About PhD Demographics
Tracking the outputs of American academia
This site exists because taxpayer-funded universities should graduate Americans.
It tracks who is actually receiving PhDs from US universities, who is funding their research,
and what happens to them after graduation — using exclusively official government data
and public university repositories.
What's in here
We track the full pipeline from international graduate enrollment to permanent residency,
one university and one department at a time:
- ~430,000 thesis and dissertation records from 101 US universities (2016–2024), scraped from each school's institutional repository — every name links back to the original record for verification.
- IPEDS completions data for the entire history of US doctoral education (1984–2024), broken out by citizenship, race/ethnicity, and field.
- Federal immigration data — OPT, STEM-OPT, CPT, H-1B, EB green card, and PERM — from ICE/SEVP, USCIS, and DOL.
- R&D funding from NSF HERD and NIH RePORTER, joined to PhD output by university and department.
- Country-of-origin views for India, China, Canada, the UK, EU, and Mexico.
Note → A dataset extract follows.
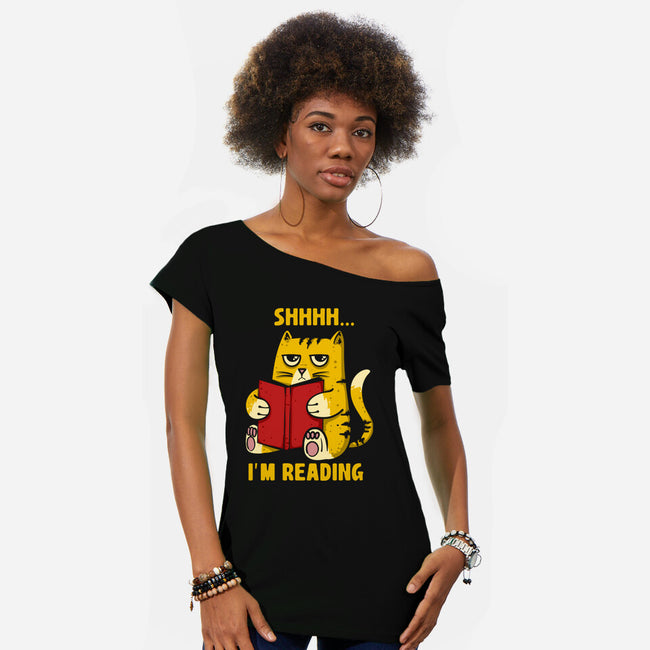 Shhhh I'm Reading-Womens-Off Shoulder-Tee-sebasebi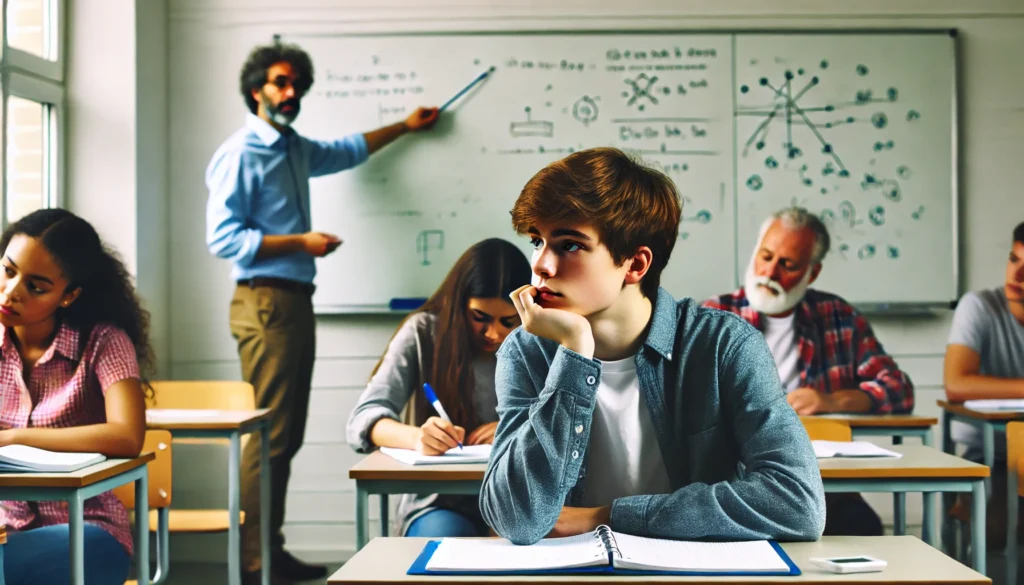 Teenager experiencing memory and focus difficulties in a classroom setting.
Everything is queryable via the Data Query (SQL) page,
available as JSON, and documented in
Data Sources & Methodology.
Who built it
Made by Andy Barr.
The project is independent, self-hosted, and not affiliated with any institution
or political organization. Source data is government open data; code is hand-written;
AI tools are used as collaborators, not authors.
How to help
This is a one-person research project, and there are many gaps to fill. The most
useful things you can send:
- Links to department Students, Faculty, or Dissertations
directories we don't have yet (the Data Quality page shows
where coverage is thin)
- Corrections — wrong department, wrong year, missing names
- Datasets, federal sources, or scrapers we should add
- Bug reports and ideas for new analyses
Privacy & data philosophy
This site does not run third-party analytics, ad networks, or fingerprinting scripts.
It logs visitor IPs in its own server logs for traffic analysis. The Tip Line is
rate-limited and stores nothing — messages go directly to the owner's inbox.
All published data is already publicly available; we just made it searchable.